There was veritable amazement in the House of Commons when it was informed of what Lord Fisher and Lord Strathcona had done with the Anglo-Persian. Their work narrowly escaped undoing. Lord Fisher himself described, in September 1919, the opposition he met with, even among his colleagues. "I was dubbed 'an oil maniac' when I was at the Admiralty in 1885. Lord Ripon, the First Lord, sent for me and told me I was called a Radical enthusiast and nicknamed 'Gambetta,' and said he meant to make me a member of the Board of Admiralty. I told him all the rest of the Board would leave. He saw me a week after and confessed it was so; but, thank God! I was spared to be Director of Naval Ordnance instead."

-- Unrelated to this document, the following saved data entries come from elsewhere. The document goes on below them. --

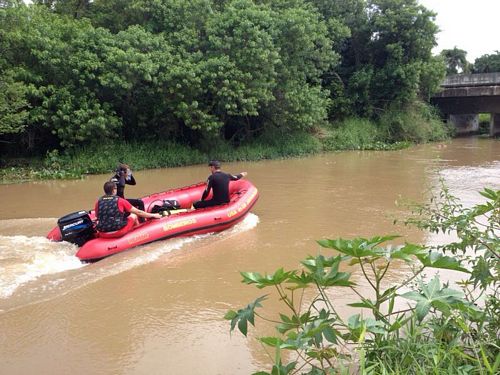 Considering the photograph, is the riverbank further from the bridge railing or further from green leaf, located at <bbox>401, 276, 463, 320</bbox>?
green leaf, located at <bbox>401, 276, 463, 320</bbox>

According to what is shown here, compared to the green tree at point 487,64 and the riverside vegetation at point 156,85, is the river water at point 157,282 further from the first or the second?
the green tree at point 487,64

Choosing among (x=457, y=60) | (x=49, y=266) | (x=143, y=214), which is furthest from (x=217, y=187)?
(x=457, y=60)

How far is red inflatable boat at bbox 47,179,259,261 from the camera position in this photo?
6203 millimetres

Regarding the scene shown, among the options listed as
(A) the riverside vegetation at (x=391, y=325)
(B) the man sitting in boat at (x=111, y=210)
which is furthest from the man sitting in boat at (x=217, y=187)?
(A) the riverside vegetation at (x=391, y=325)

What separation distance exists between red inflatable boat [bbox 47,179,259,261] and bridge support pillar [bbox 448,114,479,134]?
28526mm

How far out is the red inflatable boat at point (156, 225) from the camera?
6203 millimetres

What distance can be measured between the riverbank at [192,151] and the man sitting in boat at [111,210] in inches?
300

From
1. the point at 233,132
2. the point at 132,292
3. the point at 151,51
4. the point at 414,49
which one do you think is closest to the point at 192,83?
the point at 151,51

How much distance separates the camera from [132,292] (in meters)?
5.17

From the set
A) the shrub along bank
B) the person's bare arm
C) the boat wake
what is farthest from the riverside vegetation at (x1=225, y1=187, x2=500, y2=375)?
the shrub along bank

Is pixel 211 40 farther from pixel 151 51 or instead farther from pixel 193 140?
pixel 193 140

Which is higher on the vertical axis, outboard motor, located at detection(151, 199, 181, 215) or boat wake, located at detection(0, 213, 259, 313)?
outboard motor, located at detection(151, 199, 181, 215)

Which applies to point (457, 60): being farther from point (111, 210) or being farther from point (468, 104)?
point (111, 210)

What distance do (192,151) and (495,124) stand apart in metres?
23.3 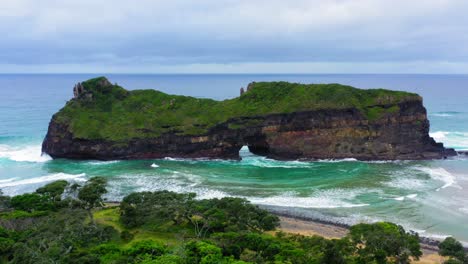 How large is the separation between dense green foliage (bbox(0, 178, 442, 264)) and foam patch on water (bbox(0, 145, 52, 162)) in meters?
34.4

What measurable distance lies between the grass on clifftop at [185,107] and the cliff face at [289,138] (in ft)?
1.55

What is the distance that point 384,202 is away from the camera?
50.6 m

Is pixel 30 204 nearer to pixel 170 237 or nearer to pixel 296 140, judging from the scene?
pixel 170 237

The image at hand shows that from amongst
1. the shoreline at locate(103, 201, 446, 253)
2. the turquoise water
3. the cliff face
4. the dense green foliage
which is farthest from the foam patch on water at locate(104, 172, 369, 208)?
the cliff face

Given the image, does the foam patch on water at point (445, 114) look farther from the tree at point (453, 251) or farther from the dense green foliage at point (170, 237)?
the tree at point (453, 251)

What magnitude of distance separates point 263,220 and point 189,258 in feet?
36.9

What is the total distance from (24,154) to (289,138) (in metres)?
49.6

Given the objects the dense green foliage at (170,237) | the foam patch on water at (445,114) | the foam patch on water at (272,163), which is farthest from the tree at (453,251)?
the foam patch on water at (445,114)

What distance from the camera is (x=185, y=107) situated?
3250 inches

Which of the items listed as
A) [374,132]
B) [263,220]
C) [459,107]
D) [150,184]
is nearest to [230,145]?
[150,184]

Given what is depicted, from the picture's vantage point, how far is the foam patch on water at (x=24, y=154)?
74625mm

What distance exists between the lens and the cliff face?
245 feet

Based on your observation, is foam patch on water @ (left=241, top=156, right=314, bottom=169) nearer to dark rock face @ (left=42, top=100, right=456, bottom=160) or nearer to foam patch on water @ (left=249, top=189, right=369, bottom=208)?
dark rock face @ (left=42, top=100, right=456, bottom=160)

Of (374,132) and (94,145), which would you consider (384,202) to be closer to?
(374,132) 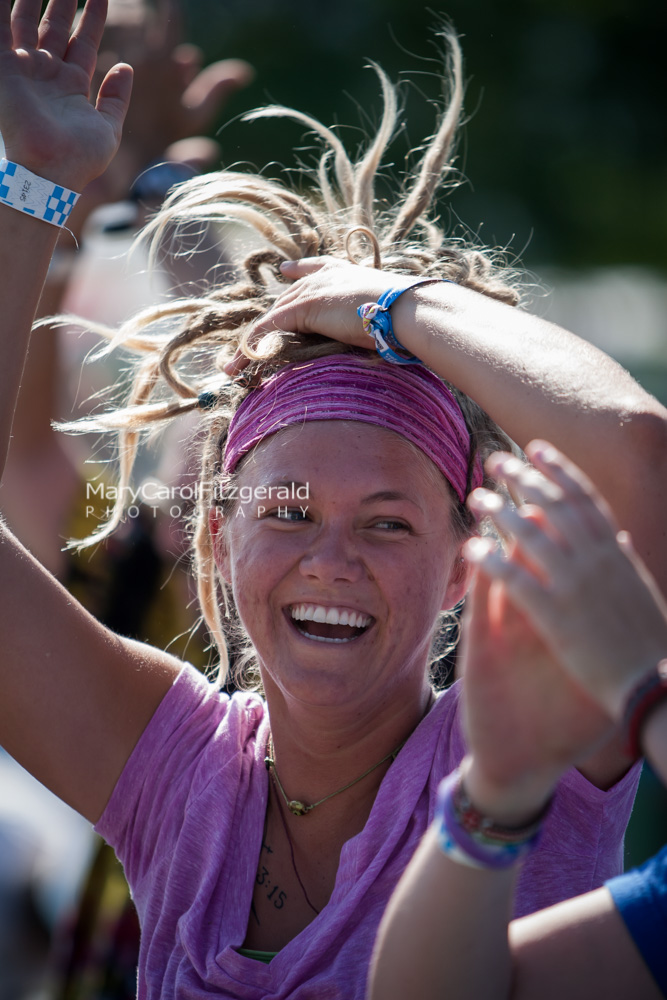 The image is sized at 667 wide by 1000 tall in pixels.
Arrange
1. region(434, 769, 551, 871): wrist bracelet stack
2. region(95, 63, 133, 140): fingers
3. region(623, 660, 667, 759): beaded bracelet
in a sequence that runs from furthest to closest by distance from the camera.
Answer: region(95, 63, 133, 140): fingers < region(434, 769, 551, 871): wrist bracelet stack < region(623, 660, 667, 759): beaded bracelet

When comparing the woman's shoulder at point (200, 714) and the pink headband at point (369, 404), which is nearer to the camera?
the pink headband at point (369, 404)

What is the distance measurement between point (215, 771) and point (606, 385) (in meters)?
1.10

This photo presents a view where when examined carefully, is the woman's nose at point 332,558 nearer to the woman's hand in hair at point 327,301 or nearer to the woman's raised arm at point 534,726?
the woman's hand in hair at point 327,301

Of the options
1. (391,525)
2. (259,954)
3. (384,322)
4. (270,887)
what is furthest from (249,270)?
(259,954)

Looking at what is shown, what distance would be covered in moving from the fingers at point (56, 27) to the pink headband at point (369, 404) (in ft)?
2.56

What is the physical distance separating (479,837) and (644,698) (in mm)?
271

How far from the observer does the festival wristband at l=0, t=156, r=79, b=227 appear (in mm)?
1938

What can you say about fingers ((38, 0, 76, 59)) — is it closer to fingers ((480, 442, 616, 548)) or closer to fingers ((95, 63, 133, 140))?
fingers ((95, 63, 133, 140))

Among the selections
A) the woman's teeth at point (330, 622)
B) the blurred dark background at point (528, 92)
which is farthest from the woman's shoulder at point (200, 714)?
the blurred dark background at point (528, 92)

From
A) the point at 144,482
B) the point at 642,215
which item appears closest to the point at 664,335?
the point at 642,215

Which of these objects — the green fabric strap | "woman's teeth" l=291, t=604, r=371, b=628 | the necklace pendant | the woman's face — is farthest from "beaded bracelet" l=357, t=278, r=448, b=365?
the green fabric strap

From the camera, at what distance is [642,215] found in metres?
13.8

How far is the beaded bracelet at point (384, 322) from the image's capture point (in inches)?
77.0

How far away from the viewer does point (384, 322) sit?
1954 millimetres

Lord Fisher experienced the same difficulties when he wished to equip the British Navy with submarines. It is to him, and to the Bethlehem Steel Works (United States), that the Allies owed the prompt completion of the special type of submarines which "went, unconvoyed from America to the Dardanelles and acted there prodigiously." A few of these submarines which succeeded in passing through the wire nets of Chanak-Nagara, for a long time controlled the Sea of Marmora and prevented the Turks from taking supplies by sea to their fortifications on the Straits. Oil supremacy and naval supremacy go hand-in-hand. When he wished to give his country empire over oil, Lord Fisher's principal object was to preserve her dominion over the seas. For that fleet will be victorious which has at its disposal the most abundant sources of oil. Ships using oil have driven out those burning coal, just as the latter replaced sailing ships.

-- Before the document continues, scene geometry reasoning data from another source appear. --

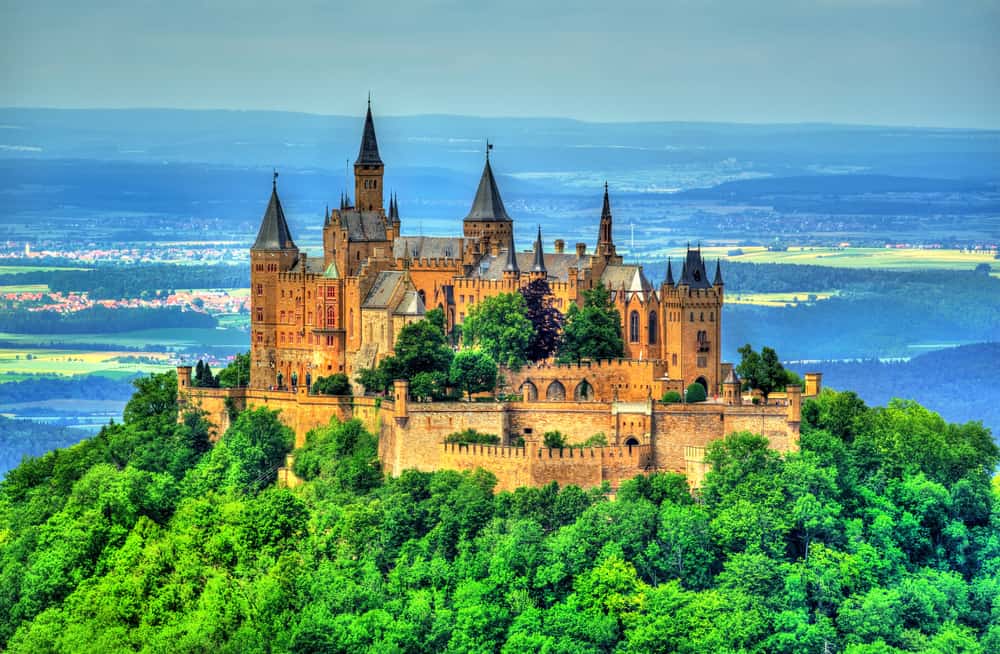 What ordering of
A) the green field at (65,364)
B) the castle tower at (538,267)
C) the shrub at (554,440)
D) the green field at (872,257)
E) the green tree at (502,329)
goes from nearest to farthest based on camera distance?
the shrub at (554,440) < the green tree at (502,329) < the castle tower at (538,267) < the green field at (65,364) < the green field at (872,257)

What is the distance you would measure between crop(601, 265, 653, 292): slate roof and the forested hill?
7.73m

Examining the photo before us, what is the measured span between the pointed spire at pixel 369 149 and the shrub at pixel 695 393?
50.1 ft

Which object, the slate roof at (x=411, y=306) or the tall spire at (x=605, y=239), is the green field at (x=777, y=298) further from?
the slate roof at (x=411, y=306)

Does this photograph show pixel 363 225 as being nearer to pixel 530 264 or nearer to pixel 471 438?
pixel 530 264

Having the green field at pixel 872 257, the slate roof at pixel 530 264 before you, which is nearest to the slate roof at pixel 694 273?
the slate roof at pixel 530 264

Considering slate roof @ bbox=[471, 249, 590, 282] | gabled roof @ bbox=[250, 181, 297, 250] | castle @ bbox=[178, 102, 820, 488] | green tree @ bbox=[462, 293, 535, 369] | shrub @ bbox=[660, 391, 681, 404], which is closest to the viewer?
castle @ bbox=[178, 102, 820, 488]

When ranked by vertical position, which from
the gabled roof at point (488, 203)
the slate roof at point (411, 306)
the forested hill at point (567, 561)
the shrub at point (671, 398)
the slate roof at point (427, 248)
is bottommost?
the forested hill at point (567, 561)

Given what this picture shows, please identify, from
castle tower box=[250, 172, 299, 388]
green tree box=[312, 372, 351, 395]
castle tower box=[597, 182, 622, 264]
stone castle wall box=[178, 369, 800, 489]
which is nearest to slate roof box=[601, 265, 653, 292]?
castle tower box=[597, 182, 622, 264]

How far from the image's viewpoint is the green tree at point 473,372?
210ft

When we compare the results obtained by France and by Britain, on whose soil it seems that no deposits of mineral oil have yet been discovered (a fact which rendered Lord Fisher's task none the easier); and when we see Britain mistress of nearly all the oil remaining in the world, we stand confounded with admiration before the genius of those to whom she owes such an empire.

British Oil Policy

Having been obliged to allow the first place to America, the country which first discovered oil, and which until recently produced 70 per cent. of the world's output, Great Britain began to gain upon her by keeping command of oil-carrying ships. Whoever transports a commodity controls it, and is master of it up to a certain point, for he is the indispensable intermediary for those who wish to obtain it. Should any difficulty arise, the transporter, according as he fulfils his office or not, grants or withholds supplies for the markets, as he pleases. The British genius has always sought to compensate, by maritime superiority, for the inferiority of Great Britain in certain respects. If the United States occupied the first place among producers of oil, they ranked second to Great Britain as transporters. Great Britain, understanding that oil "is destined to play the same part in the world as coal, cotton or steel," made a special point of retaining control of oil-carrying ships. It was a thrilling duel.

The world tonnage of tank-steamers rose by June 30, 1919, to 2,616,000, tons, of which 1,500,000 tons sailed under the British flag, 1,000,000 tons under the American. In June, 1920, the United States had gained the first position. They had 308 tank-steamers, amounting to 1,734,843 tons, or 51 per cent. of the whole (3,386,091 tons). On January 1, 1921, the supremacy of Great Britain was restored. Of the 524 oil-steamers afloat, 252 belonged to her, the United States having only 191. But she lost this position again six months later.